I coudn't find a regurarity for a power of $A$.

I also tried to use $P^{-1}AP$ but it seems that this kind of approach may not work.

$$ \lambda=\frac{1}{2},~\frac{1}{3}\leftarrow\text{Eigenvalues for}~A $$

I got $\begin{pmatrix}2&0\\0&1\end{pmatrix}$ after doing elementary roe operations for $\lambda={1\over 2}$ and definitely this set of matrices can't compose a non-zero vector.

I need your help.

Answer 1

We have $$ (I-2A+A^2)\sum_{k=1}^{n} kA^{k-1} = \sum_{k=1}^{n} kA^{k-1} -2\sum_{k=1}^{n} kA^k +\sum_{k=1}^{n} kA^{k+1} \\ =I+2A+\sum_{k=3}^{n} kA^{k-1} \\ -2\left(A+\sum_{k=2}^{n-1} kA^k+nA^n\right) \\ +\sum_{k=1}^{n-2} kA^{k+1}+(n-1)A^n+nA^{n+1} \\ =I+2A-2A-2nA^n+(n-1)A^n+nA^{n+1} \\ +\sum_{k=2}^{n-1} (k+1)A^k -2\sum_{k=2}^{n-1} kA^k +\sum_{k=2}^{n-1} (k-1)A^k \\ =I-(n+1)A^n+nA^{n+1} +\sum_{k=2}^{n-1} (k+1-2k+k-1)A^k \\ =I-(n+1)A^n+nA^{n+1} $$ Therefore, if $I-2A+A^2 = (I-A)^2$ is invertible, we have $$ \sum_{k=1}^{n} kA^{k-1} = (I-A)^{-2}\left(I-(n+1)A^n+nA^{n+1}\right) $$ As the absolute values of the eigenvalues of $A$ are smaller than $1$ (the eigenvalues are $\frac12$ and $\frac13$), we know $\lim_{n\rightarrow\infty}\left(p(n)A^n\right) = 0$ for any polynomial $p$, see below.

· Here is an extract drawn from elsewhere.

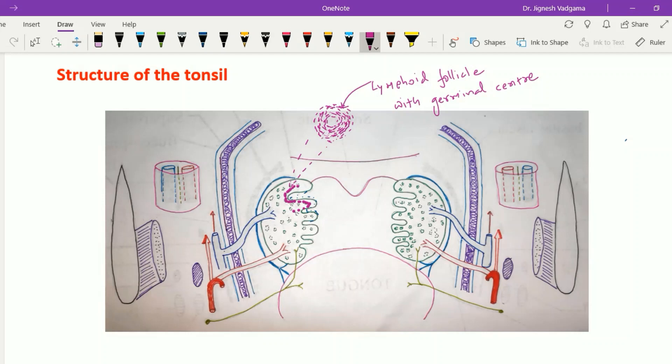These lymphocytes appear in the cleft and are washed out with the saliva.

Therefore $$ \lim_{n\rightarrow\infty}\sum_{k=1}^{n} kA^{k-1} =(I-A)^{-2}\left(I-0+0\right) = (I-A)^{-2} $$

The details of $\lim_{n\rightarrow\infty}\left(p(n)A^n\right) =0$

We know that $A$ is diagonalizable and that the eigenvalues are $\frac12$ and $\frac13$. Therefore, we know that there is an invertible matrix $P$ such that $$ P^{-1}AP = \begin{pmatrix} \frac12 & 0 \\ 0 & \frac13\end{pmatrix} $$ which means $$ A = P \begin{pmatrix} \frac12 & 0 \\ 0 & \frac13\end{pmatrix} P^{-1} $$ Therefore, for a given polynomial $p$: $$ p(n)A^n = P \begin{pmatrix} \frac{p(n)}{2^n} & 0 \\ 0 & \frac{p(n)}{3^n}\end{pmatrix} P^{-1} $$ As matrix multiplication is a continuous operation, we can swap the evaluation of the limits and the matrix multiplication: $$ \lim_{n\rightarrow\infty}\left(p(n)A^n\right) = P\begin{pmatrix} \lim\limits_{n\rightarrow\infty}\frac{p(n)}{2^n} & 0 \\ 0 & \lim\limits_{n\rightarrow\infty}\frac{p(n)}{3^n}\end{pmatrix} P^{-1} $$ It is a well known fact that exponential growth is "stronger" than polynomial growth in the sense that the latter divided by the former approaches $0$ as $n$ approaches infinity. Therefore, $$ \lim\limits_{n\rightarrow\infty}\frac{p(n)}{2^n} =\lim\limits_{n\rightarrow\infty}\frac{p(n)}{3^n} = 0 $$ for any given polynomial and $$ \lim\limits_{n\rightarrow\infty}\left(p(n)A^n\right) = 0 $$

Answer 2

It's easy to see that the characteristic polynomial of $A$ is $g(x)=(x-\frac12)(x-\frac13).$

Take $f(x)=\sum_{k=1}^nkx^{k-1}.$ Then we can find $h(x),a,b$ such that $$f(x)=h(x)g(x)+ax+b.$$ We can get a linear system $$\begin{cases}f(\frac12)=\frac12a+b,\\f(\frac13)=\frac13a+b.\end{cases}$$ By Hamilton-Cayley theorem, $$\lim_{n\to\infty} f(A)=\lim_{n\to\infty}aA+bI= \frac{21}{2}A-\frac{5}{4}I.$$

Answer 3

$$\frac{1}{1-x}-1=\sum_{k=1}^\infty x^k$$For $|x|<1$. Differentiating, we know: $$(1-x)^{-2}=\sum_{k=1}^\infty kx^{k-1}$$

Differently put, we know the following formal power series equality: $$\sum_{k=1}^\infty kx^{k-1}(1-x)^2=1$$

This extends to matrices (see the answers to this question) in the sense that: $$\lim_{n\to\infty}\sum_{k=1}^nk A^{k-1}\cdot(1-A)^2=1$$Whenever the series converges. Since the eigenvalues are $1/2,1/3$ and are bounded $<1$, we know convergence holds. So we know $B$ is both a left and right inverse to $(1-A)^2$, hence it is sensible to write: $B=(1-A)^{-2}$.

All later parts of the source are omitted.